1:30-2:30 Supporting Local Bookstores in a Time of Gentrification The loss of the legendary Marcus Bookstore, the nation’s longest running Black-Owned bookstore has helped to focus attention on the future of independent bookstores facing potential displacement. Caught between neighborhood gentrification and predatory online pricing, do bookstores even have a future? Come learn about what people are doing to save cherished stores and preserve intellectual life in the City. With: Denise Sullivan, author of Keep on Pushing” Black Power Music From Blues to Hip Hop, joined by local booksellers TBA.
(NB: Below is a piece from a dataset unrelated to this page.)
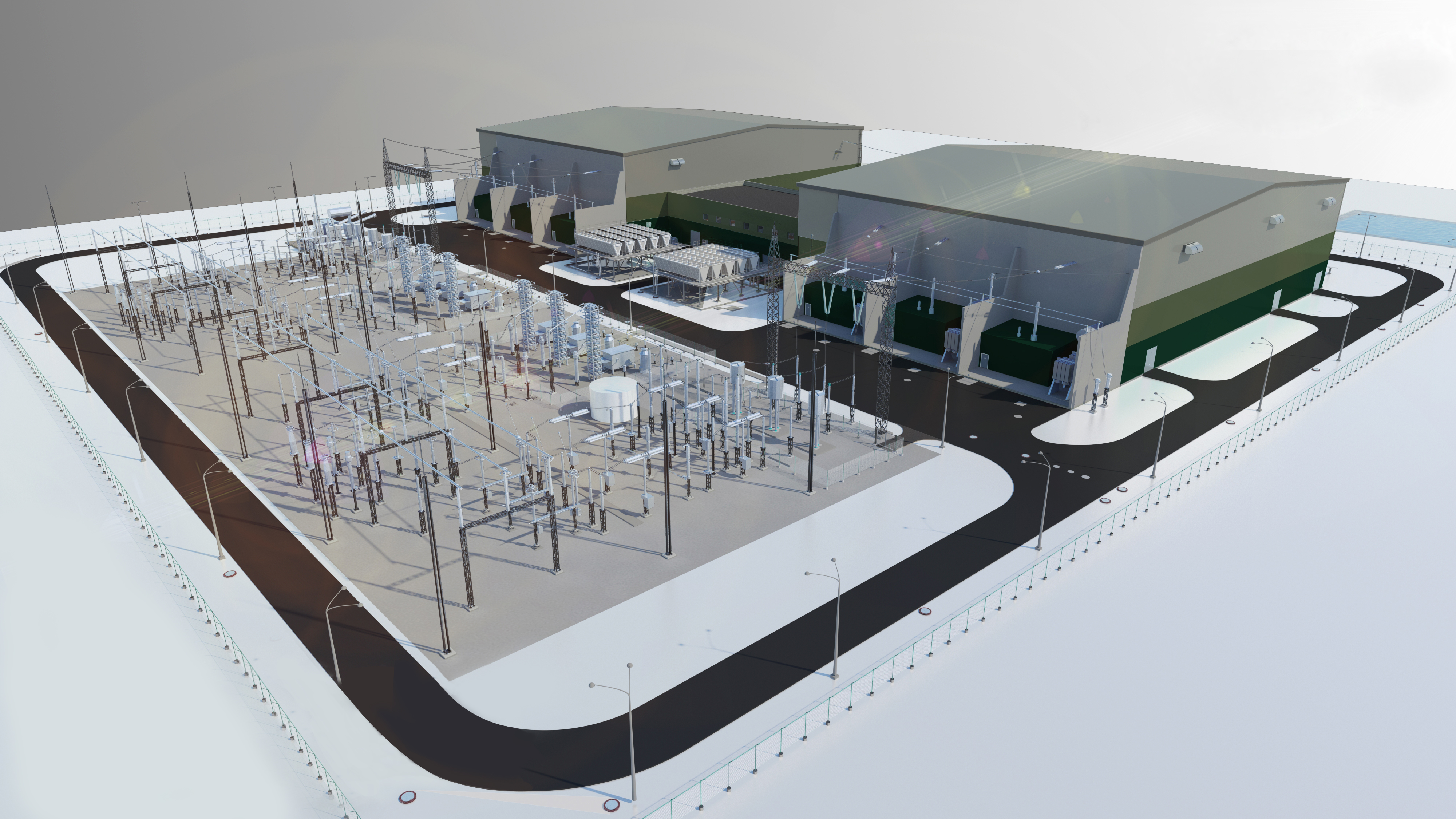 Vikink Link converter station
2:45-3:45 The Political Legacy of Ted Gullicksen This past October, San Francisco lost one of its most stalwart fighters for the human right to housing, Ted Gullicksen. Ted was equally comfortable leading occupations of vacant housing and expertly cutting turf to expand tenant rights at the ballot box. This panel with gather those who knew Ted and worked with him to begin to record his extensive political legacy and lessons for today. With: Gen Fujioka, Chinatown Community Development Center, Andrew Szeto, SF Tenants Union, Fred Scherbern-Zimmer, Eviction Free SF, Bobby Coleman, SF Tenants Union
4:00-5:00 Movement Lit Three great women authors read published work and manuscripts in progress. Barbara Rhine – Author of Tell No Lies reads from her new novel about three radical activists—a black militant on the run, a farm worker organizer and a Berkeley feminist—who get caught in a love triangle during a huge UFW march led by Cesar Chavez. With: Barbara Rhine, author Tell No Lies. Ananda Esteva’s The Stories of Chela Coatlicue Alvarez is a young adult adventure through Mexico exploring the global economy, gender and rebellion using a “Choose Your Own Adventure” interactive structure. In her new book, “What Did You Learn at Work Today? Forbidden Lessons of Labor Education,” Helena Worthen tells stories from her years as a labor educator, frames them theoretically, and show how to avoid some of the deadly mistakes made by unions that think building solidarity is like selling a car.